From March 2–7, 2008, Immersion Presents Monterey Bay, a cutting-edge, interactive educational program led by Dr. Ballard and a team of scientists from the National Oceanic and Atmospheric Administration (NOAA) and other institutions, will use telepresence technology – a combination of satellite and Internet connections – to transport young people live from the Marine Institute to a scientific expedition in Monterey Bay National Marine Sanctuary.
Students will explore in real-time one of the planet’s most spectacular and most important biodiversity hotspots where they will experience majestic 30-metre-tall kelp forests, take a day trip out to the deep sea in NOAA’s research vessel R/V Fulmar, and study endangered marine mammals like the grey or blue whale and the threatened California sea otter.
“When kids see scientists in action, whether diving a kelp forest, exploring with an ROV, or getting up close to a whale, they immediately discover that being a scientist means much more than wearing a white coat in a lab," said Dr. Ballard, founder of Immersion Presents. "With everyone talking about ‘going green,’ now more than ever we need kids to get excited about the environmentally focused careers that will help protect the planet. Immersion expeditions show kids that science is not only far from boring or nerdy, it is absolutely essential to preserve one of our most threatened resources, the oceans.”
“Immersion Presents is a fun and powerful science education program,” said Dwight Howse, head, School of Ocean Technology, Marine Institute. “We are extremely pleased to be able to offer students the opportunity to explore the advanced technologies being used in ocean activities and showcase the career opportunities that these technologies afford them. We ‘d also like to acknowledge the tremendous support of the provincial government, more specifically the Department of Innovation, Trade and Rural Development, in making this project a reality. This support was integral to the overall success of the program.”
“Many of our kids only know what a jellyfish is from watching Sponge Bob on television,” said Hector Perez, club director of the Chicago’s Union League Boys and Girls Club, which also participates in the program. “It’s hard for kids to imagine being part of something that they’ve never seen before. Immersion Presents’ virtual science expeditions open their minds, transporting them to a whole new world of ocean discoveries, new technology, and exciting career opportunities.”
“Encouraging kids to pursue careers in science is just as important as researching unique underwater ecosystems like the Monterey Bay National Marine Sanctuary. The sanctuary program welcomes the opportunity to work with partners like Immersion Presents to introduce marine sanctuaries to the American public, especially young people,” said Daniel J. Basta, director of NOAA’s Office of National Marine Sanctuaries.
“The marine environment here is unique, drawing people for its rich bounty, economic opportunity, recreation and inspiration. Protection of these special places preserves them for use and enjoyment for generations to come.”
Live Broadcasts at the Marine Institute
Immersion Presents broadcasts will allow students, educators and researchers to participate in the ocean expedition live.

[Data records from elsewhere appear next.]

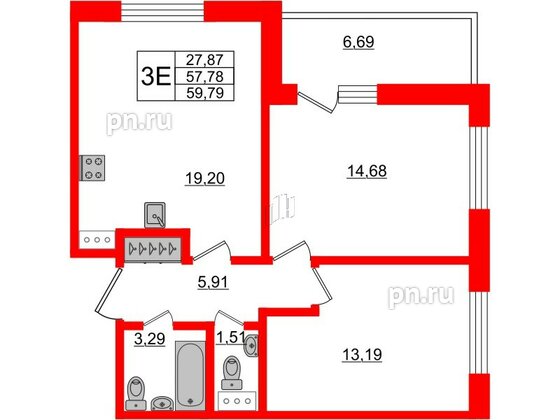 Апартаменты в ЖК Берег. Курортный, 2 комнатные, 59.79 м², 5 этаж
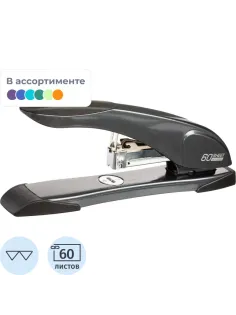 Степлер мощный Deli N23/6-23/10 до 60 листов, в картонной уп., ассорти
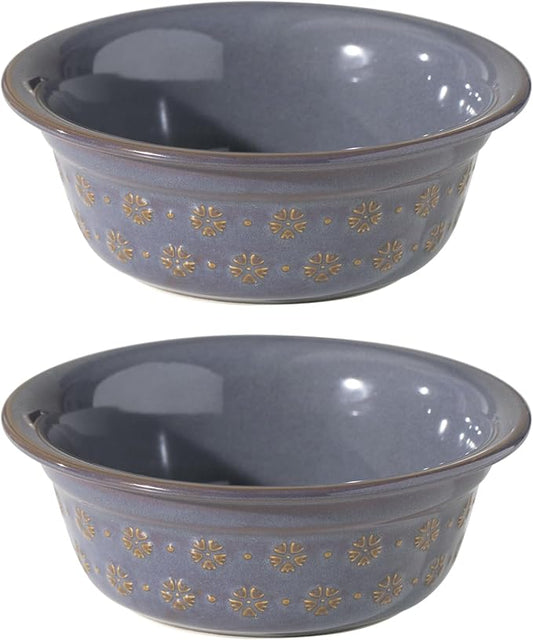 6.3inch Ceramic Set of 2 Dog Bowls, Food and Water Bowls for Small and Medium Dog, 2pcs Basic Dog Bowl, Wide Opening Rounded Edge (2 Bowls, Reactived Glaze -Grey)-PawvioPets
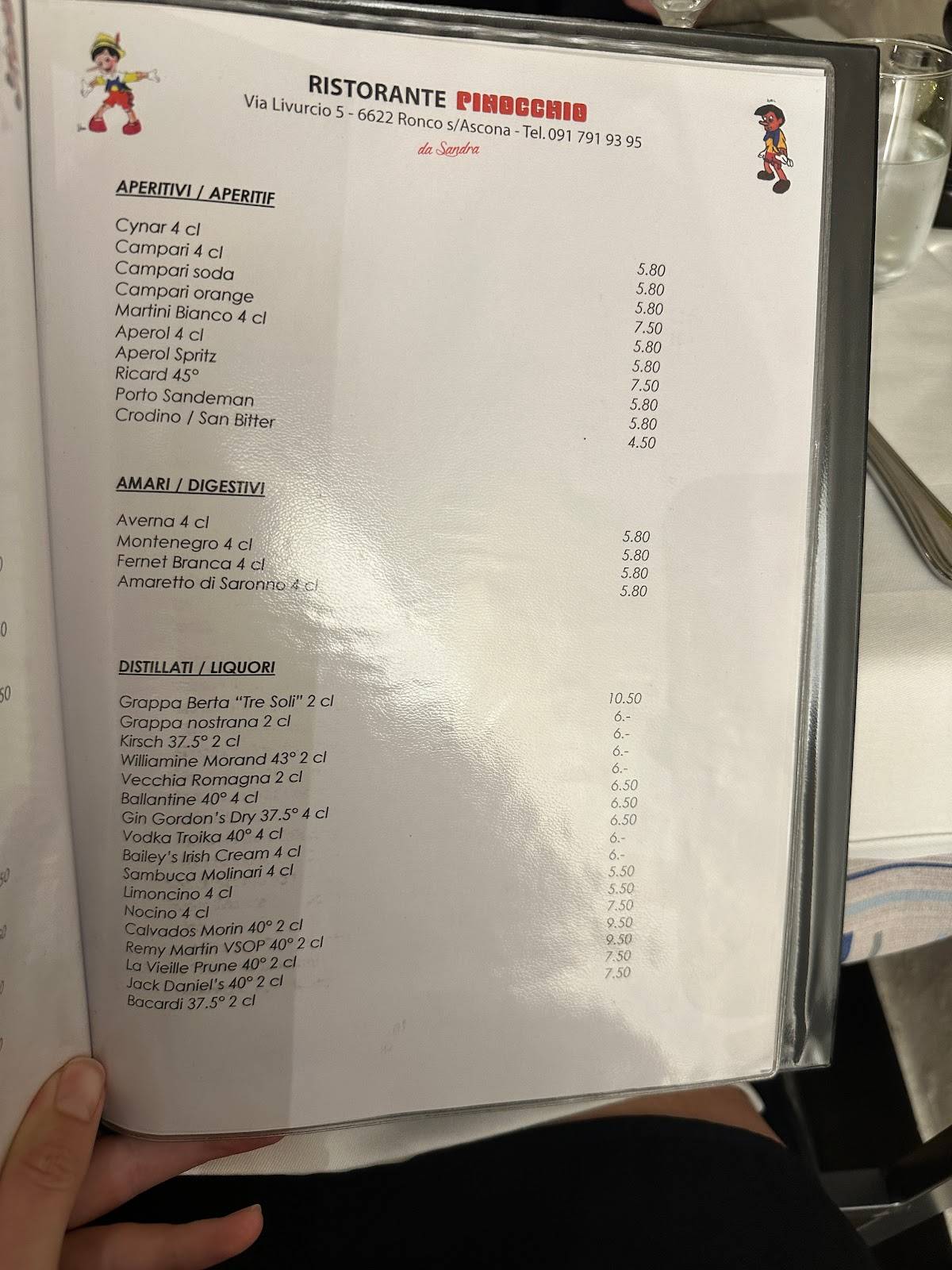 Menu di Ristorante e Bar AL TORCHIO 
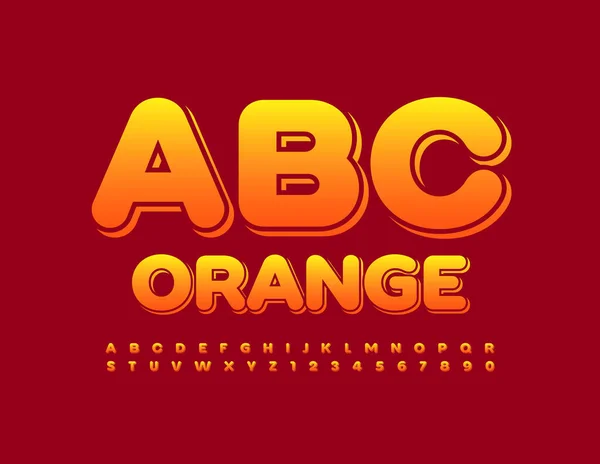 Vektororange Alphabet Helle Gradienten Schrift Glänzende Buchstaben Und Zahlen — Stockvektor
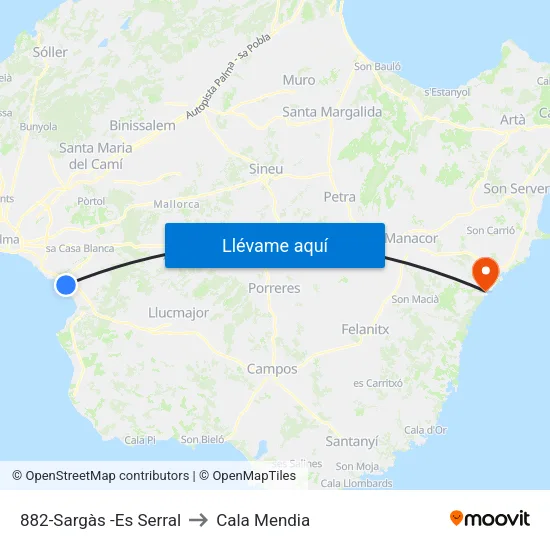 882-Sargàs -Es Serral to Cala Mendia map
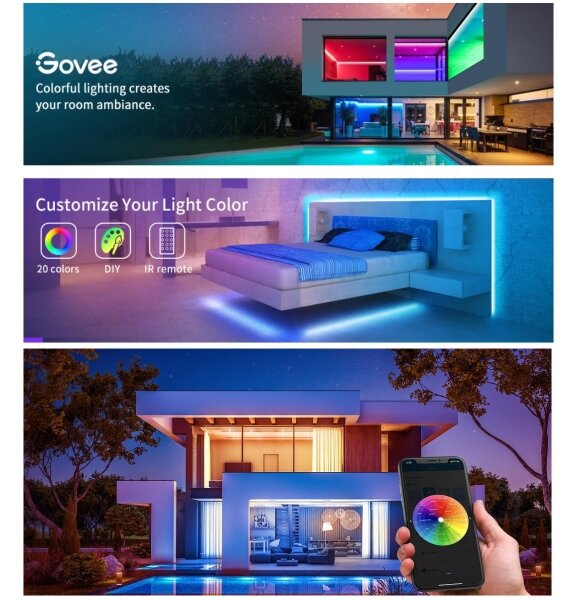 Govee - Striscia LED RGB dimmerabile SMART LED/36W/24V 10m Wi-Fi
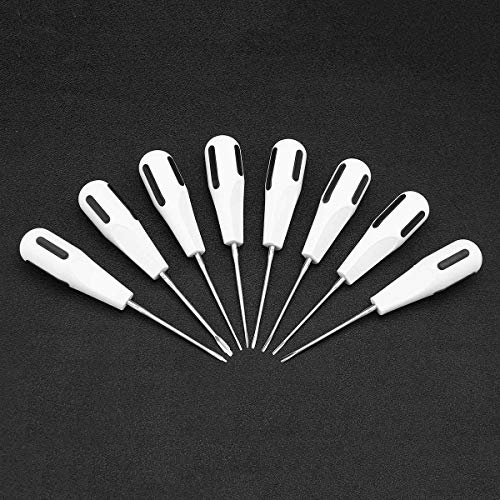 Christzo 8Pcs/Set Stainless Steel Dental Luxating Lift Elevator Curved Root Elevator Dentistry Dentist Instrument Teeth Whitening Tool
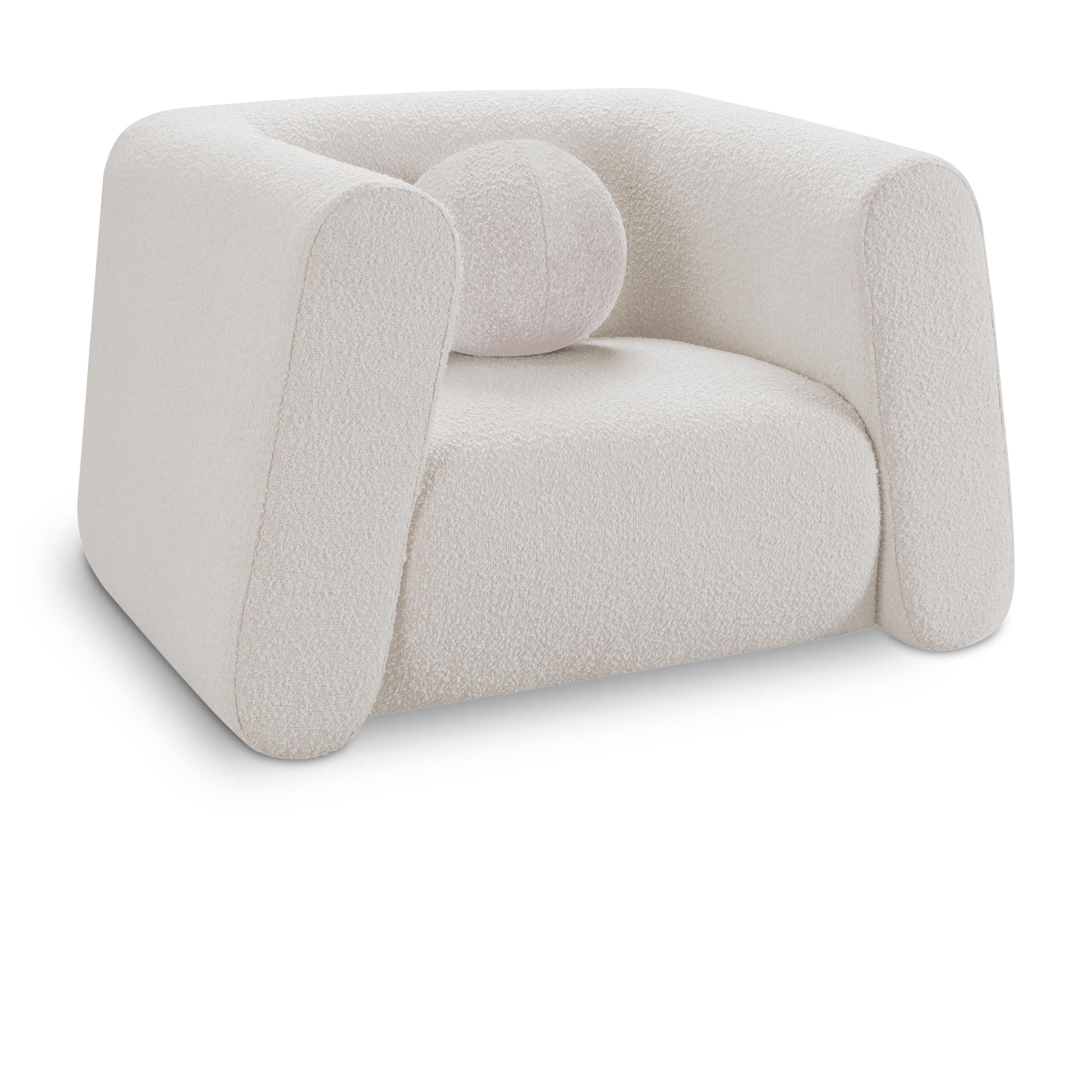 Meridian Abbington Cream Boucle Fabric Chair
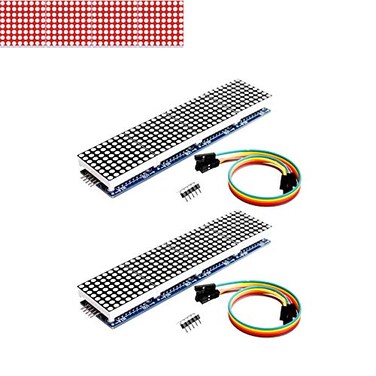 Onyehn 2pcs MAX7219 Dot Matrix Module,Red Light4in1 Display for Arduino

Dr. Ballard will lead the mission from the Inner Space Center at the University of Rhode Island, where he is a professor of oceanography. Using special camera systems that were developed and installed in Monterey Bay National Marine Sanctuary by the Institute for Exploration, the Inner Space Center will receive the live video from the expedition site via the Internet. Immersion Presents will retransmit those images to a network of partner Immersion Sites and Boys and Girls Clubs across the nation via satellite, using a high-speed network. The Marine Institute, in partnership with the Newfoundland and Labrador Science Centre, will air the daily live broadcasts, which are part of a larger interdisciplinary science curriculum designed for upper elementary and middle school students, from March 2–7, at 12:30 p.m., 1:30 p.m., 2:30 p.m., 3:30 p.m., and 4:30 p.m. On Thursday, March 6, a show will be broadcast in Spanish.
Immersion Presents programs also include comprehensive curricula packed with realistic research activities that educate kids about the environment. The Immersion Presents Monterey Bay curriculum, underscoring the importance of scientific discovery and its impact on everyday life, teaches kids how kelp and other seaweeds are used to produce commercial products such as shampoo, toothpaste and ice cream. It also prompts kids to think about water quality as they make a homemade hydrometer and estimate the salinity, or saltiness, of several mystery water samples. Other activities in the curriculum introduce kids to California sea otters, bioluminescent deep sea creatures, and marine science careers.
About Immersion Presents
With cutting-edge telepresence technology that transports students to the exciting world of ocean research and exploration, Immersion Presents is a science education program that combines engaging multimedia curricula and live interaction with researchers at expedition sites to help students and educators better understand and appreciate one of the world's most important and threatened resources—our oceans. Immersion Presents is dedicated to teaching students about the important role that the oceans play in their lives, helping them succeed academically, and inspiring them to pursue careers in science and related fields.
Immersion Presents programs are distributed to some 500,000 students each year through its network of 30 Immersion Sites at aquariums, museums, science centers, and educational service centers. Approximately fifty thousand of these are at-risk youth served through 54 Boys & Girls Clubs that participate through a U.S. Department of Justice crime prevention program.
Immersion Presents, is a collaboration among Mystic Aquarium & the Institute for Exploration, the University of Rhode Island, and the NOAA National Marine Sanctuary Program. Additional expedition partners and sponsors include the Sea Research Foundation, Inc., NOAA's Office of Education, the National Marine Sanctuary Foundation, the Monterey Bay Aquarium Research Institute, the Dr. Scholl Foundation, the University of Connecticut, and the U.S. Department of Justice.
About the Marine Institute
The Marine Institute is North America’s most comprehensive institute dedicated to education, training, applied research and industrial support for the oceans industries.
About the Newfoundland and Labrador Science Centre
The Newfoundland & Labrador Science Centre, formally known as the Discovery Network, is a non-profit, charitable organization that was created, in 1993, to encourage interest and participation in science through informal education programs, interactive science displays and province-wide outreach programs.